Why should the Soviets be concerned about this? They were running things in their part of Germany, but their part of Germany was not going to threaten anyone, while western Germany might. If western Germany became too strong, then there was no telling what that country would do. The West Germans' main goal would be the reunification of their country, freeing their eastern brothers from the yoke of Communist rule. As long as they were relatively weak and dependent on Western powers for protection, there was not a lot the West Germans could do no matter how they felt. But if they became strong, they would be in a position to pursue a more independent policy, threatening, for example, to intervene in the event of an uprising in the east. That was the standard scenario.

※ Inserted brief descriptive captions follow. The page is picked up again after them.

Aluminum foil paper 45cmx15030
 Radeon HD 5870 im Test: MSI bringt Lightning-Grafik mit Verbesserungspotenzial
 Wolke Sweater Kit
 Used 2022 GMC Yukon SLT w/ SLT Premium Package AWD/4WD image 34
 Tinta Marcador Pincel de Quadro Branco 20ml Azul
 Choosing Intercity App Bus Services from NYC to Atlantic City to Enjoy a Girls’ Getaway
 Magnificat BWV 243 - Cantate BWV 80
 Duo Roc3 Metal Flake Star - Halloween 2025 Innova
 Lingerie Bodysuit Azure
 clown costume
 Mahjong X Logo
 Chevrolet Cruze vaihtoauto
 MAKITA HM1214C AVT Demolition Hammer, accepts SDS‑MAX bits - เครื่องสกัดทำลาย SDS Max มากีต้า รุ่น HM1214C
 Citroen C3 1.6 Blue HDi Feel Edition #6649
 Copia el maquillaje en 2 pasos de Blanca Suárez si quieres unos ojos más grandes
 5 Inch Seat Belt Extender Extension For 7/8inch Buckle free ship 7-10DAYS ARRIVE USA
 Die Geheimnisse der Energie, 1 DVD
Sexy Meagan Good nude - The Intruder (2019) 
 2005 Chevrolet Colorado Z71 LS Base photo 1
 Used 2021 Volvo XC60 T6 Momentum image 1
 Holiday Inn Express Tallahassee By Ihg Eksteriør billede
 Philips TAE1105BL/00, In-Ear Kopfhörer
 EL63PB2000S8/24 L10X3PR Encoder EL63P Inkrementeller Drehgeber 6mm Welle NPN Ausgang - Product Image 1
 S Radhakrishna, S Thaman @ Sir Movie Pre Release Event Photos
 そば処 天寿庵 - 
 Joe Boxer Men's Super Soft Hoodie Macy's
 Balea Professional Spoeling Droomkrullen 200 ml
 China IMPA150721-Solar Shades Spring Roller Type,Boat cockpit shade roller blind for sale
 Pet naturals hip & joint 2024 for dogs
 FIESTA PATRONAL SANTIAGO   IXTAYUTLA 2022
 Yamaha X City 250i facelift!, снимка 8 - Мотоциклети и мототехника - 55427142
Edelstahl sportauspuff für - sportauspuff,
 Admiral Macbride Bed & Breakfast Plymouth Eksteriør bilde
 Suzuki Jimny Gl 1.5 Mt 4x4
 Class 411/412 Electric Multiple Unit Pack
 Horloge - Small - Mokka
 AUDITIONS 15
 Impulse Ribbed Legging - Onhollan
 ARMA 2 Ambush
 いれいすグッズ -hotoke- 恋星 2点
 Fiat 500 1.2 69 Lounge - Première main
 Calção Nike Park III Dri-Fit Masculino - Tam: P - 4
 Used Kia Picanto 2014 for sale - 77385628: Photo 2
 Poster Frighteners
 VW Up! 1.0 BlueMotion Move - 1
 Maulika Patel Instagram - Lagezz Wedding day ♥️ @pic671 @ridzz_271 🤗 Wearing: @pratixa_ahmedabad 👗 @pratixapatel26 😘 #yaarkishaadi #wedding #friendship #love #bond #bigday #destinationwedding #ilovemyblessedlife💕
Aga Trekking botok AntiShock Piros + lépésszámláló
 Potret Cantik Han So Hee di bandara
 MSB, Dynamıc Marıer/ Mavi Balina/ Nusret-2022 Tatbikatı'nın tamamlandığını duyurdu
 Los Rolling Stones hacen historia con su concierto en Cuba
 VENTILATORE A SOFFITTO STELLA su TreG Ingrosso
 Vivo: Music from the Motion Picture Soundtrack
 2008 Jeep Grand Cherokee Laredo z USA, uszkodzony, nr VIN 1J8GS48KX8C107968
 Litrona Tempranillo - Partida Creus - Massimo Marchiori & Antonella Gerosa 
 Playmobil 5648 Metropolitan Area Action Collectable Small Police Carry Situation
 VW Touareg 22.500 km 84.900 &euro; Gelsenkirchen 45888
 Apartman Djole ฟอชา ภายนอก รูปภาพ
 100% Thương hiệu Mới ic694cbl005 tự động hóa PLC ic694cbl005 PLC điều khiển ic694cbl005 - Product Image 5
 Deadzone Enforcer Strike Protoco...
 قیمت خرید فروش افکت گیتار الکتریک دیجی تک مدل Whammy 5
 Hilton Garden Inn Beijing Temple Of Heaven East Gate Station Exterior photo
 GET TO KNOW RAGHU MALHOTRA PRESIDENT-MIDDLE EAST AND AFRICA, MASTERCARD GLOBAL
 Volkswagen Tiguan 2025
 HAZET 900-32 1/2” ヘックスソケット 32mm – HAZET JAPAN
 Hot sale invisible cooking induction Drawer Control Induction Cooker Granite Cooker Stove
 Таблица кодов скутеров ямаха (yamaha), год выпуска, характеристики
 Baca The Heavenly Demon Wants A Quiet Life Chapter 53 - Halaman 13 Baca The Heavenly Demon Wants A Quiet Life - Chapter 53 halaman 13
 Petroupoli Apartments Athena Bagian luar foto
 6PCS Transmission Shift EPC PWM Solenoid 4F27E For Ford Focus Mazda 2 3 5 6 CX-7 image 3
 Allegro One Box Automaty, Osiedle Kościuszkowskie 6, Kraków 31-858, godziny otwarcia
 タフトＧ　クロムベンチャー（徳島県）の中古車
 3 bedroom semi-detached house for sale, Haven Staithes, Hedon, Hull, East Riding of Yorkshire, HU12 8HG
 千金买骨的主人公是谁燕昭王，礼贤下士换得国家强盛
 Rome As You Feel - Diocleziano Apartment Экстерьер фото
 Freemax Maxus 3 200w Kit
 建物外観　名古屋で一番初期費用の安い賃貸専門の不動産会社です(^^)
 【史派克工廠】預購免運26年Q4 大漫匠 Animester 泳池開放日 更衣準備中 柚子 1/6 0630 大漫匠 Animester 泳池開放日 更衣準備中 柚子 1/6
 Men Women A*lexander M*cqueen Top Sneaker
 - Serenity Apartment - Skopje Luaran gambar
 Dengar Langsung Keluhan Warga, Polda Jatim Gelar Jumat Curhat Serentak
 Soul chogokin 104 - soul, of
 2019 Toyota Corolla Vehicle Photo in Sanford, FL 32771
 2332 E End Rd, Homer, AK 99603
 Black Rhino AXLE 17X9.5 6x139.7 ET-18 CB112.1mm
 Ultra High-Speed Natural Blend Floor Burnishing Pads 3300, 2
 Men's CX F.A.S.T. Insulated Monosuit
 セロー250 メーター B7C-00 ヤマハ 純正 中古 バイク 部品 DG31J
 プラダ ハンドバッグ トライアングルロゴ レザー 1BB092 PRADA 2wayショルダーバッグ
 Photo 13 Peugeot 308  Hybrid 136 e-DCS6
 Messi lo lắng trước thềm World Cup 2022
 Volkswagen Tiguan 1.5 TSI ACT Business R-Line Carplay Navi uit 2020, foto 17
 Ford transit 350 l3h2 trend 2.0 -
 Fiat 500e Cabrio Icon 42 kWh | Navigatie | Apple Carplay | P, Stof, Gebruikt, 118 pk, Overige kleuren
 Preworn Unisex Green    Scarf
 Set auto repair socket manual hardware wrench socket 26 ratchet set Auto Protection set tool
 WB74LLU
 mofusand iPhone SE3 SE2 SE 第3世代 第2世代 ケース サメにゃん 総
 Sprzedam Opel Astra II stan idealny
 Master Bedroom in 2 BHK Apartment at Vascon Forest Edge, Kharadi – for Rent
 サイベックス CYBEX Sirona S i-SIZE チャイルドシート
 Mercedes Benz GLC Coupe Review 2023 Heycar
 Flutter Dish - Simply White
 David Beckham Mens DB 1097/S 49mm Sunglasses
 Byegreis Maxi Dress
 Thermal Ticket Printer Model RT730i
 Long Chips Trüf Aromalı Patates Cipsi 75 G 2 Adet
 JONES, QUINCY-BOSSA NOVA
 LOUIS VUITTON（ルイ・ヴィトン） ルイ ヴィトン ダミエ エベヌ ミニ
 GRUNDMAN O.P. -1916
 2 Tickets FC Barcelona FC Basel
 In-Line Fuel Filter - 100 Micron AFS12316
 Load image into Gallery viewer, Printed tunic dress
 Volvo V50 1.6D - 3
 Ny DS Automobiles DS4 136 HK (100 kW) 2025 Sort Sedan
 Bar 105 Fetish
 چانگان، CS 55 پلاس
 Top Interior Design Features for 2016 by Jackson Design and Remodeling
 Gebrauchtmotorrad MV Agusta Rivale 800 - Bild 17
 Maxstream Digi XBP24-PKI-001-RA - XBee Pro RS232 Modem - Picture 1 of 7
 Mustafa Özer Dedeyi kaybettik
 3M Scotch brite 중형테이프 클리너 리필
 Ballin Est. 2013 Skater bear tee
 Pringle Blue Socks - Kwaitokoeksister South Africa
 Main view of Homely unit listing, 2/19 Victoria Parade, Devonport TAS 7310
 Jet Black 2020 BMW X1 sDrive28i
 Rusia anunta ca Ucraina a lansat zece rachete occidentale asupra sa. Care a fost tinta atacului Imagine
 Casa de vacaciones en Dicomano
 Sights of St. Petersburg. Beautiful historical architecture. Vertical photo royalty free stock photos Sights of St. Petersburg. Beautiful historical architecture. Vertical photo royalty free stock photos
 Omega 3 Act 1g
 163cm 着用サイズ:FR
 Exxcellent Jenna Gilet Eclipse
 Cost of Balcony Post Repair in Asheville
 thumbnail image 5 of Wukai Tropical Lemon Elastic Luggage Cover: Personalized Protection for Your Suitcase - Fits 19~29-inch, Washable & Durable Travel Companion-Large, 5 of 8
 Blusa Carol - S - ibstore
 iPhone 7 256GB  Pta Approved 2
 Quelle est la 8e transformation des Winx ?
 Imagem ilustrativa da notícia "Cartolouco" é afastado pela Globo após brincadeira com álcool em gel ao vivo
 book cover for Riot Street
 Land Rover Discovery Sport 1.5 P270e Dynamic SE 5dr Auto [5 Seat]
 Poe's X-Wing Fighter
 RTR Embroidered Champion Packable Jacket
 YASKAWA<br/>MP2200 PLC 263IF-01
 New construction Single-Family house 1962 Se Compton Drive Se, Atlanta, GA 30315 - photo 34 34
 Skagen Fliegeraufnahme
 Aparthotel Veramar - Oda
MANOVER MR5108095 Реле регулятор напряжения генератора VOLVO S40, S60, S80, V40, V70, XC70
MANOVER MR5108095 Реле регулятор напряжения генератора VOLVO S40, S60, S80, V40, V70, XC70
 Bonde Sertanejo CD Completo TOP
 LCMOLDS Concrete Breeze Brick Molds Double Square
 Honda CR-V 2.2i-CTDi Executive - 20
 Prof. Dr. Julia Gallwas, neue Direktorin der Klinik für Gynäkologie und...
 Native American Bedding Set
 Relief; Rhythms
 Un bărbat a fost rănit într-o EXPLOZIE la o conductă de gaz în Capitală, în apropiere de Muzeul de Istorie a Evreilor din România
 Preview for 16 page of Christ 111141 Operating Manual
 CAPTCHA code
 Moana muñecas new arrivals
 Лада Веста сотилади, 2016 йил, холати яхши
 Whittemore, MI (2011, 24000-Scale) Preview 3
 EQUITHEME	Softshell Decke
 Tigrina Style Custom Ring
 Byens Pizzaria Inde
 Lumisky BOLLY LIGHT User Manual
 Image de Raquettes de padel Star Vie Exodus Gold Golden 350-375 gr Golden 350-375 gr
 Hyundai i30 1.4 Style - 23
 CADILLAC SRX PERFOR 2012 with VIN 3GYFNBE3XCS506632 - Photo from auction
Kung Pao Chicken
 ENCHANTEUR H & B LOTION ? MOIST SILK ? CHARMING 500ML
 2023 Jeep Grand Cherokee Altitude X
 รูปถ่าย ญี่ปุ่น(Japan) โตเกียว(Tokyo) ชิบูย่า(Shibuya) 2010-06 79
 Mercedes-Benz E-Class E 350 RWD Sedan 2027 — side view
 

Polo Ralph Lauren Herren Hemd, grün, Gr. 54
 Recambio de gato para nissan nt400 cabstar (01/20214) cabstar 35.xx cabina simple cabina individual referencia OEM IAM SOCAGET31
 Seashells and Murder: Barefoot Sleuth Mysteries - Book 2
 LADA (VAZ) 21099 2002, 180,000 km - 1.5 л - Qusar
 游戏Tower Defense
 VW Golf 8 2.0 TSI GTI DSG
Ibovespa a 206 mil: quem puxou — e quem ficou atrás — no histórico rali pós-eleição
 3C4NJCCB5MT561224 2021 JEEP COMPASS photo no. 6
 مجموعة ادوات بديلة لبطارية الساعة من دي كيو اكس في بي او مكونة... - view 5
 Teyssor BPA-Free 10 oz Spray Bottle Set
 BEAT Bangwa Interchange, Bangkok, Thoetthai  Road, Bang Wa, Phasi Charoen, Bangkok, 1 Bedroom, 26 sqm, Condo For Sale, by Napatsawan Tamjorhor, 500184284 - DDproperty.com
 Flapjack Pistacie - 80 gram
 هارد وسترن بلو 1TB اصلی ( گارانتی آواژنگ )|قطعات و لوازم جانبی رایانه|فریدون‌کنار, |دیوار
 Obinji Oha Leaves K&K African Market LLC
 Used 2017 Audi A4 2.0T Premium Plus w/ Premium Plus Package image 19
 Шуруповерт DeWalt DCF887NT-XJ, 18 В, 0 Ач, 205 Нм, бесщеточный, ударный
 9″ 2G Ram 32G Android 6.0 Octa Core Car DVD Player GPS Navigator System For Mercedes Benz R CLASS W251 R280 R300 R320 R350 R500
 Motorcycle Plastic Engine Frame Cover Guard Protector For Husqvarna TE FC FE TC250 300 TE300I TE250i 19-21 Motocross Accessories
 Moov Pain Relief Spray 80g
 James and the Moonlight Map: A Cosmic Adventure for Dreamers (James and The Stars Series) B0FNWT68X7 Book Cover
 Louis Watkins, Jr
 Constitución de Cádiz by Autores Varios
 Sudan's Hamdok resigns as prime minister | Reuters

The West, by claiming that the Russians were the ones who were reneging on the agreements to run Germany as a unit, was, in fact, telling the Germans, “We sympathize with your goals. We are on your side.” They were pointing a finger at the Russians and saying to the Germans, “It is the Russians who are responsible for the fact that you were divided, not us.” For the Russians this meant, and we have some evidence of this, that American power, the power of the West as a whole, was being put behind West Germany. We were in a bargaining war to bring the Germans over to our side; we had to support their national goals. American power was being used to sustain this German revisionist policy, and there was no telling how far it would go. Although the Soviets could accept philosophically the idea that Germany was going to be divided and that West Germany was going to be organized without them, they could not accept that West Germany was being organized against them, pointed against them.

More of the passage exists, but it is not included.